The clinical differential diagnosis of cGCTs includes lipoma and adnexal tumors, such as dermatofibroma, neurofibroma, and schwannoma. Furthermore, basal cell carcinomas, melanomas, melanocytic nevi, leiomyomas, leiomyosarcomas, dermatofibrosarcomas, rhabdomyomas, angiosarcomas, and ameloblastomas have granular cell variants. These can be differentiated from GCTs via immunohistochemical studies [
5]. S-100-positivity in GCTs helps to exclude alveolar soft part sarcomas and rhabdomyomas.
In our case, the tumor was composed of typical cells with a granular eosinophilic cytoplasm, which stained positive for S-100, NSE. Due to these distinctive immunohistochemical features, our patient was diagnosed of GCT. Furthermore, we could exclude possible diagnoses of dermatofibroma, melanoma, and malignant neural tumor.
GCTs are mostly benign; however, malignant transformation occurs in 0.5-2% of cases [
10]. Metastasis to the regional lymph nodes, lungs, and bones are most commonly reported. It was challenging to predict malignant behavior at the time of diagnosis [
5]. Malignant GCT can be differentiated from benign GCT by its larger size (>4 cm) and rapid growth, and histopathologically, by a vacuolar nucleus with an enlarged nuclear body, increased mitotic activity, a high nuclear-to-cytoplasmic ratio, necrosis, spindle cells, and pleomorphism [
11]. Without these features, the tumor can be considered to be benign.
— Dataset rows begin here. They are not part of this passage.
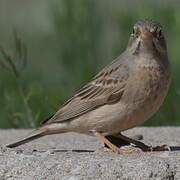 Grey-necked Bunting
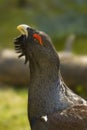 Wood Grouse - Tetrao urogallus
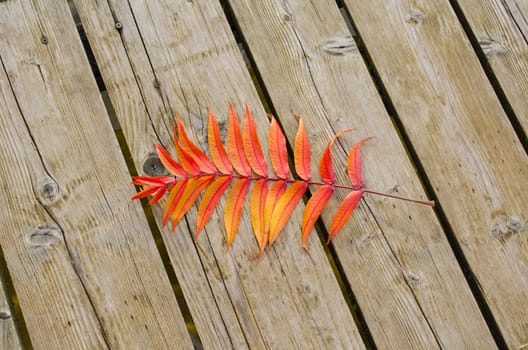 beautiful orange color autumn leaf lie on wooden lake bridge.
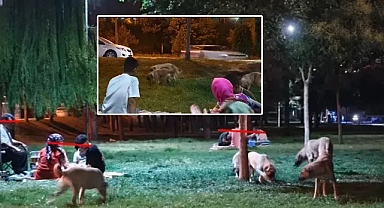 Şanlıurfa’da başıboş köpekler sorun olmaya devam ediyor!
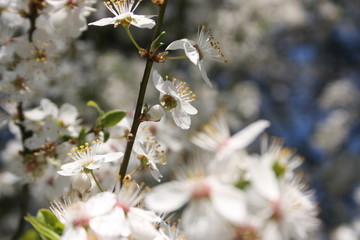 a flowering of trees in spring garden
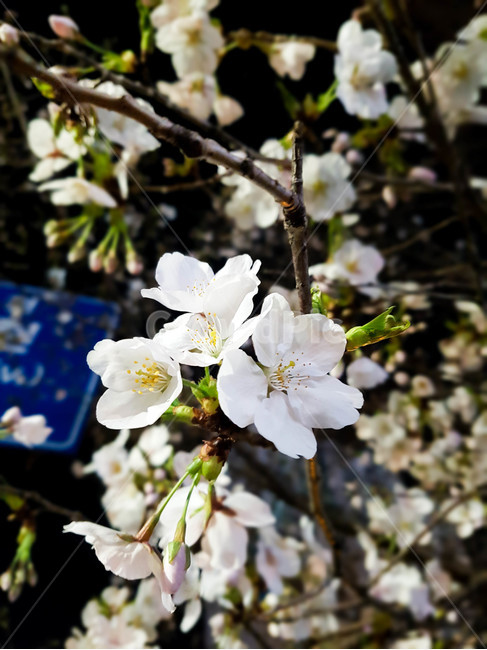 벚꽃,밤,꽃,꽃봉우리,봄,봄꽃,야간,flower,검정,어두움,spring,season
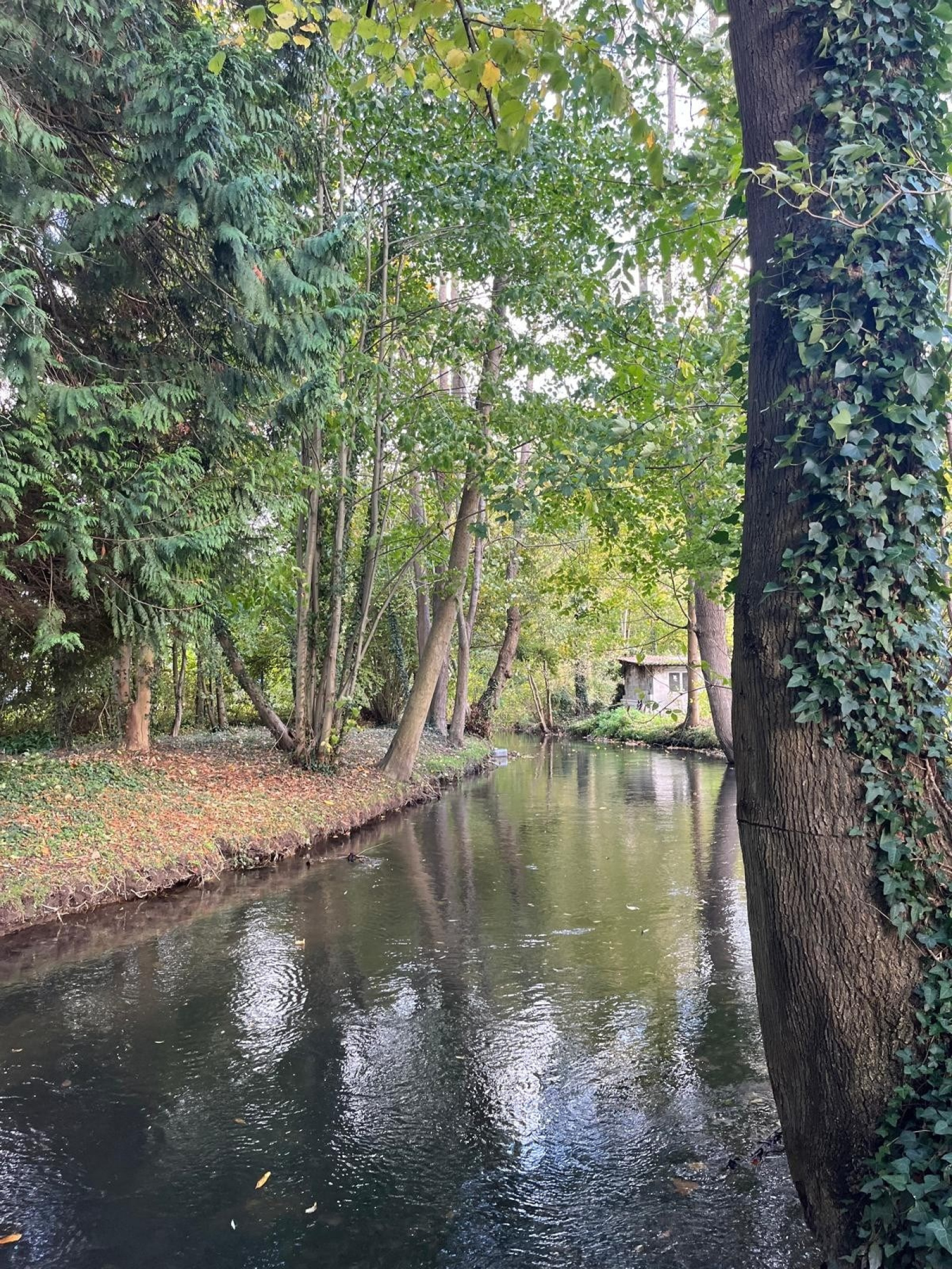 Image_, Maison, Romilly-sur-Andelle, ref :FR1-923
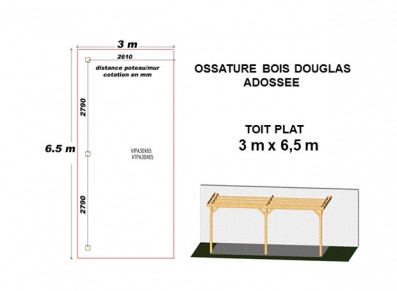 OSSATURE DOUGLAS ADOSSÉE TOIT PLAT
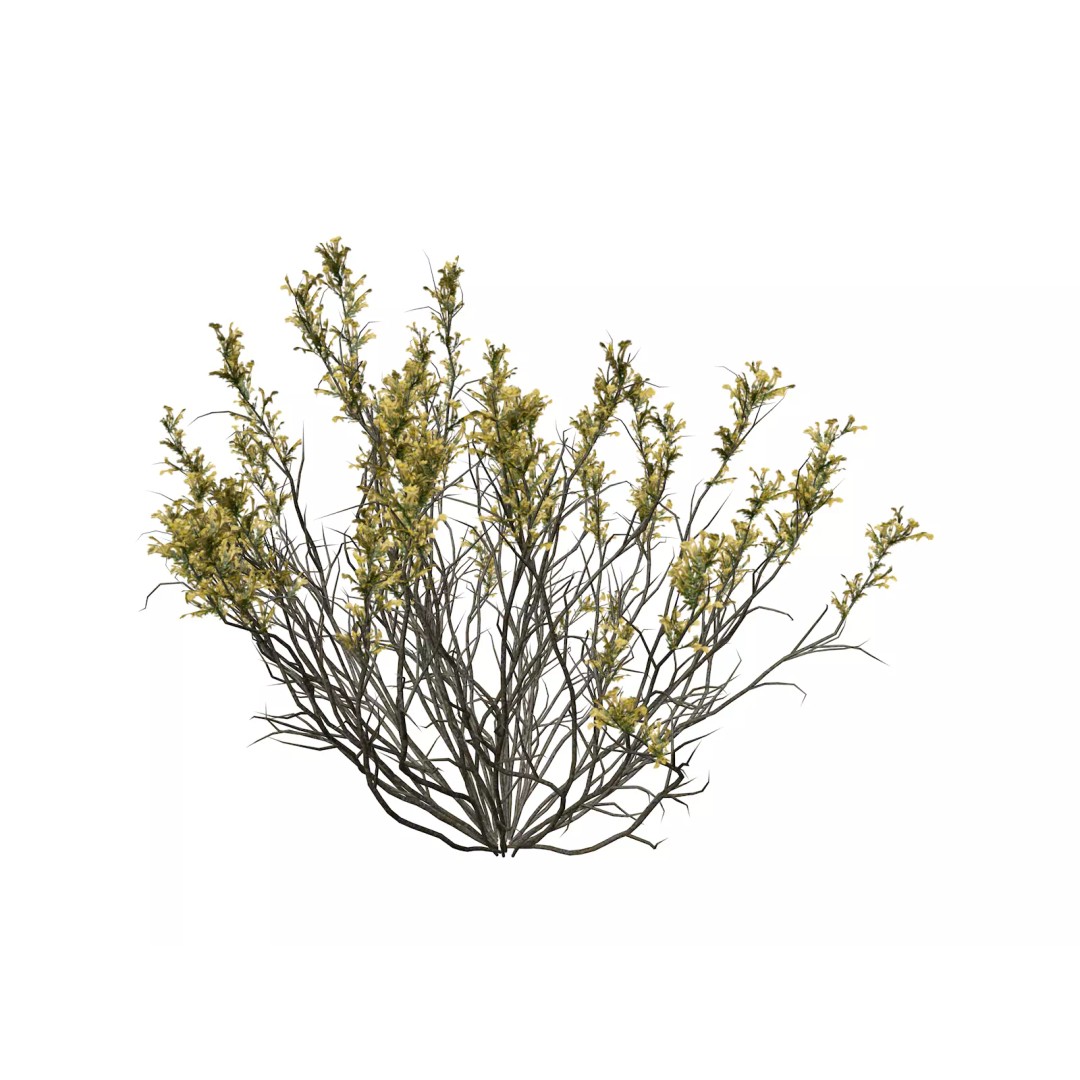 Broom Snakeweed 3D Model – Photorealistic Plant Asset, FBX - View 2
Furthermore, even benign GCTs can show locally invasive features, such as local recurrence and metastases. Benign GCTs have a recurrence rate of between 15% and 50%, if the tumor is not completely excised [
7,
9,
12,
13]. As in this case, GCT could have irregular, infiltrating borders. Moreover, it has been noted that histologically, benign-appearing tumors can metastasize [
14,
15]. Thus, GCTs do require wide excision, leaving clear margins. Radiotherapy and chemotherapy have not been recommended in the recurrent or malignant cases [
5].
In conclusion, this case may remind otologists that GCT should be considered in the differential diagnosis of a solitary nodule at the auricle. Because benign-appearing GCT can metastasize or recur, complete excision is recommended. Subsequently, histopathology should rule out the signs of malignant change, even though this is rare.